Last February I went for lunch with a girlfriend that I had not seen since November. When I saw her, I said “Have you been working out big time or what!?!?”
She looked fabulous. All toned up and firm and she’d lost 25 pounds or so. She told me she’d let me in on her secret. She took me to a local place here in Chilliwack called Gentl Bella. The have these vibration machines there that you stand on and they use vibration to work your muscles. My first thought was that it was cheating. I had been working out on my elliptical trainer for 8 months, had lost over 30 pounds and felt great. I wanted to try the vibration machine but it just felt like it wasn’t really working if I didn’t sweat, I didn’t ‘feel the burn’ or come off panting.

I decided to try it anyway. I figured it wouldn’t hurt, and what’s wrong with things being easy for a change. I kept up with my elliptical but I added in the vibration machine too. I had reached a plateau at a 33 pound weight loss up to February. After adding the vibration machine to my workouts, I lost an additional 12 pounds. It changed things up and added just enough to get me past the plateau and get me back to the weight I was before. (I had gained about 45 pounds over the past 5 years).

I joined the ‘club’ and paid about $600 for 6 months worth of vibration. I must say, it is truly an amazing thing. I’m 43 now and like most women who are a bit older I was getting a bit of a jowl, and it was really hard to keep my upper arms from flapping in the breeze. The vibration machine helped me lose weight on (or firm up) my face, and helped to define my arms a lot better. I’m not saying I’m looking like I did in my 20’s but I look, and much more importantly, FEEL way better.

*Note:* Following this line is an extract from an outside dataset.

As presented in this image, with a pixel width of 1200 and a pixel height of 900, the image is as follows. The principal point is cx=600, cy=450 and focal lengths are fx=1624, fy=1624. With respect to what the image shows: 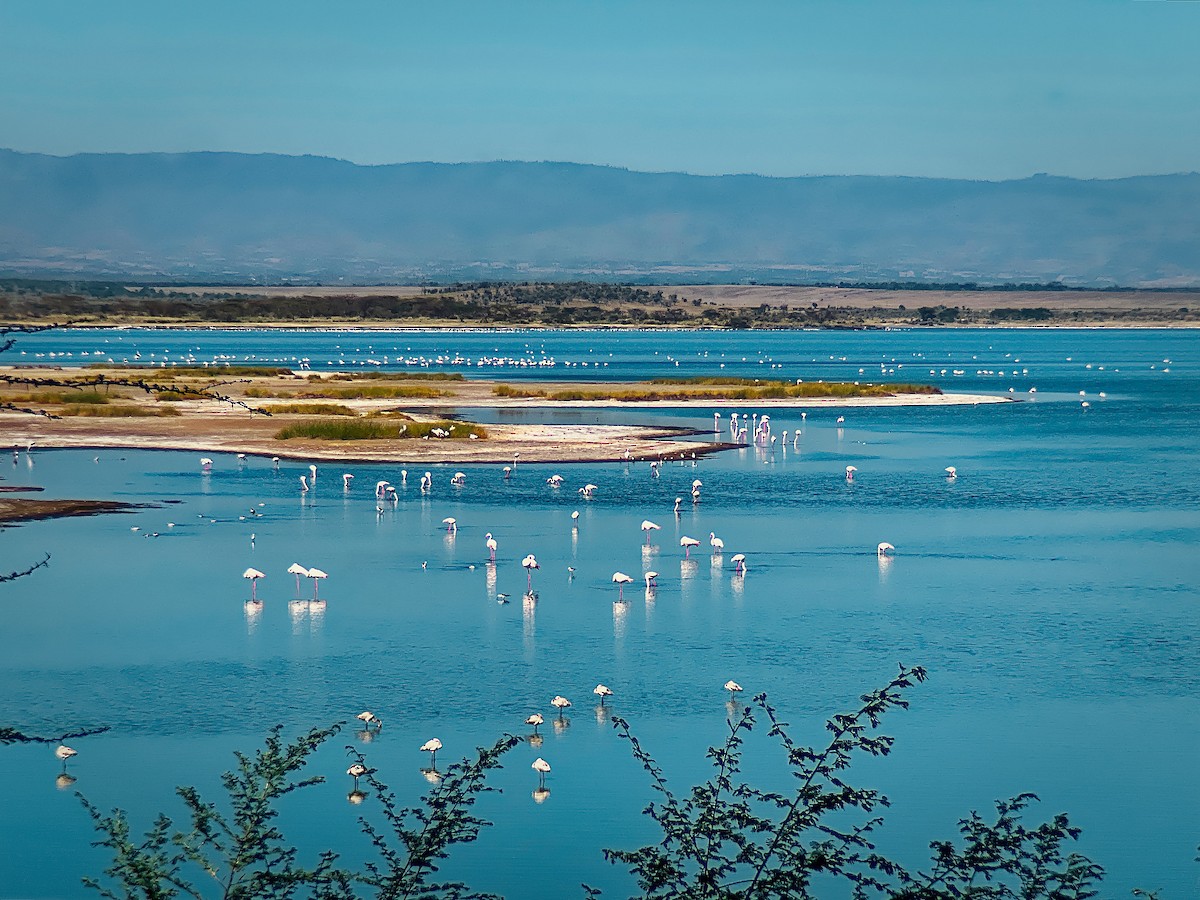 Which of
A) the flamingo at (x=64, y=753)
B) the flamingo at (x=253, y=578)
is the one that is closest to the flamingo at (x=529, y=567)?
the flamingo at (x=253, y=578)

Once my membership at the club was done, around July sometime I bought my own vibration machine for use at home. I can’t even begin to tell you how wonderful these things are. I think I might see if I can get my hands on a few more units, or find a way to sell them myself. They are that awesome. I find they help with my energy levels a lot too. Imagine, a workout with no sweat.

Back to talking about taking care of yourself. There are many ways to take care of yourself. Something else I personally did was go to a naturopath. For years I had always thought “one day I’ll get around to it”. There always seemed to be other things that took precedence. I had heard that going to the naturopath could get expensive and everyone else’s needs always seemed more important. I could spend money on my kid, my husband, my horse, but when it came to spending money on myself I had a really hard time with that.

Some time in the spring, when I was at my wits end and tired as could be, I finally figured I really needed something. I didn’t know exactly what it was but I knew that my body needed attention because it was burning out. I went and had a few tests and things, and got some shocking results to some of my tests, and got on a really good vitamin and mineral regimen and its working. At the time I got my test results there was a part of me that cried out “just give me the prescription, I want to feel better right now!!” However, I’ve never been one to take a lot of medication without first trying to balance myself out with diet or exercise or energy work or meditation. So, here it is 3 months since I’ve been on all my new vitamins and I am feeling a lot better. If you have been on the fence about whether or not you deserve or can afford to go to a naturopath or other alternative health care provider, take this blog post as the “sign” you have been waiting for to go and take care of yourself. There are no coincidences.

In closing, I’d just like to say how much I care for and appreciate each and every one of you. It is Thanksgiving here in Canada and I have so much to be thankful for. Thank you for reading, you are amazing.